**** Input data ****

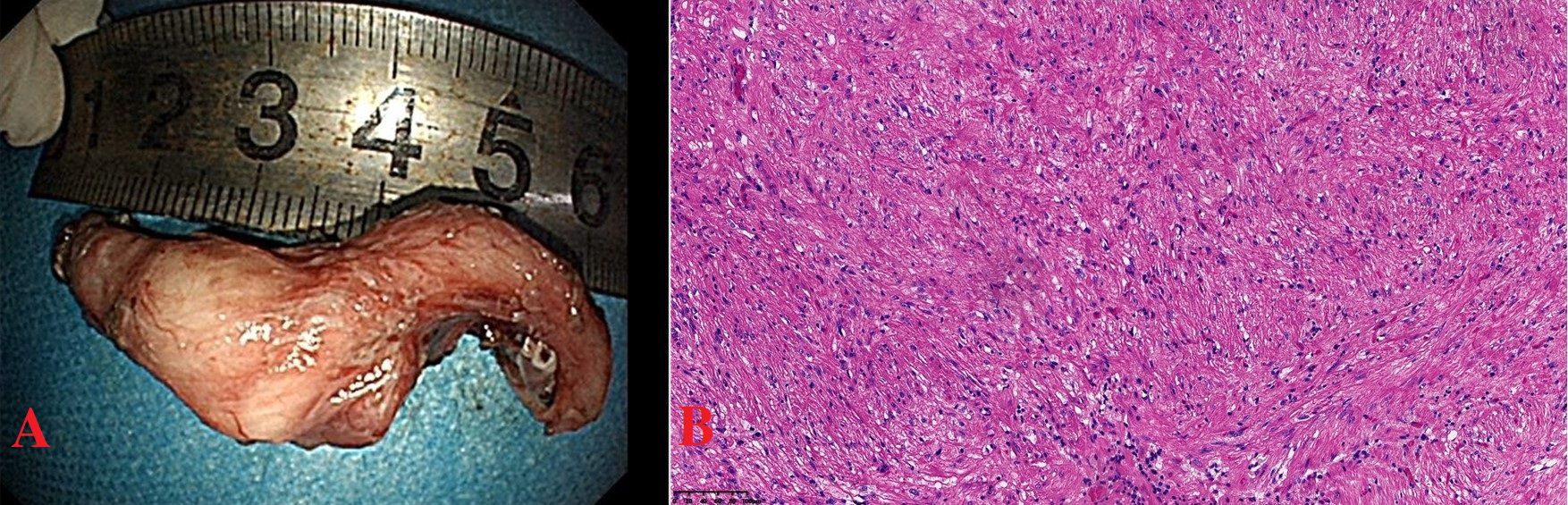 Panel A shows a resected tissue specimen next to a measuring tape, indicating it is around five centimeters. Panel B displays a microscopic view of the tissue with a pink and purple stained fibrous texture.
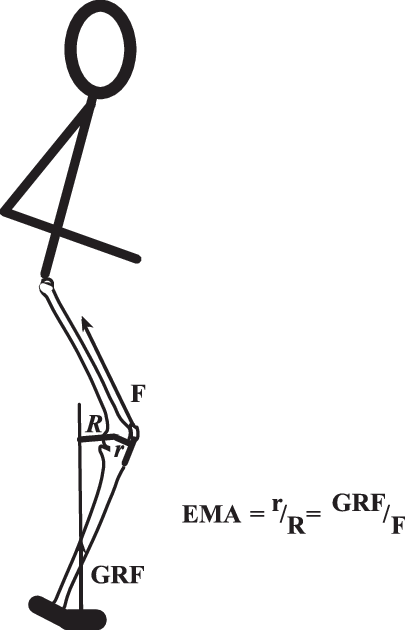 Limb Muscle Mechanical Advantage Is Defined As The - Mechanical Advantage (406x630), Png Download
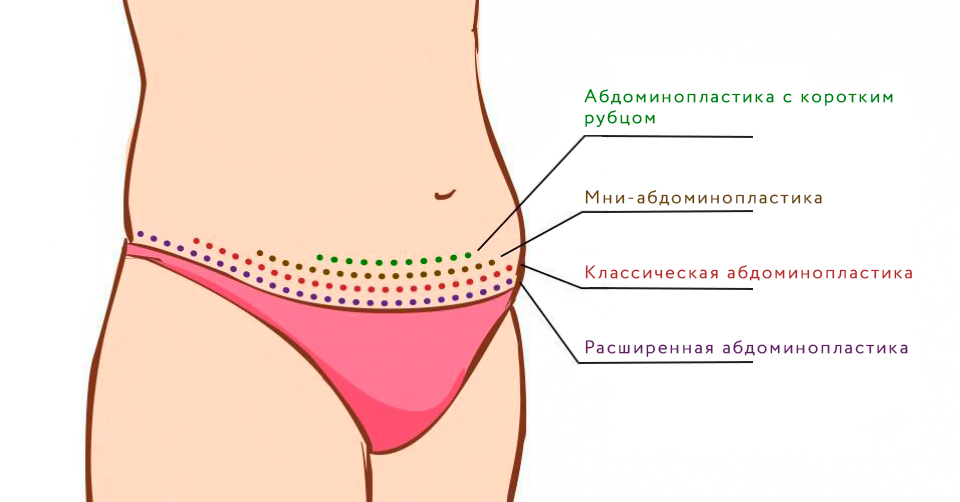 типы абдоминопластики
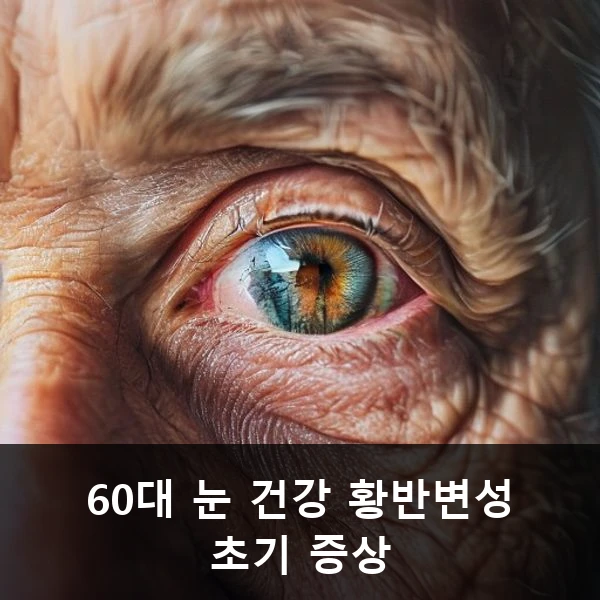 60대 눈 건강 황반변성 초기 증상 관련 대표 이미지
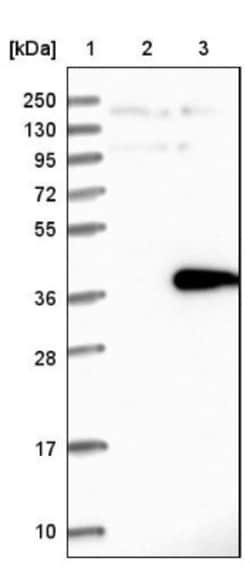 SFXN2 Antibody, Novus Biologicals 0.1mL; Unlabeled:Antibodies, Polyclonal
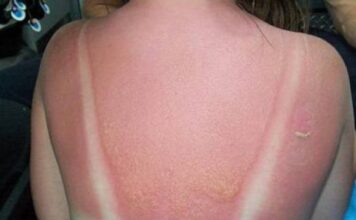 Opekotine od sunca nisu šala, evo kako vas mogu dovesti do melanoma: Ne ljuštite površinski sloj kože Opekotine od sunca nisu šala, evo kako vas mogu dovesti do melanoma: Ne ljuštite površinski sloj kože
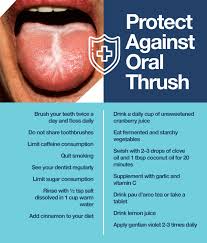 Image result for oral thrush symptoms roof of the mouth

****

## Activity
Write out exactly the lines beginning with the line that holds "SFXN2 Antibody, Novus" and ending with the final line of the data, both ends included, without the pictures.

## Response
 SFXN2 Antibody, Novus Biologicals 0.1mL; Unlabeled:Antibodies, Polyclonal
 Opekotine od sunca nisu šala, evo kako vas mogu dovesti do melanoma: Ne ljuštite površinski sloj kože Opekotine od sunca nisu šala, evo kako vas mogu dovesti do melanoma: Ne ljuštite površinski sloj kože
 Image result for oral thrush symptoms roof of the mouth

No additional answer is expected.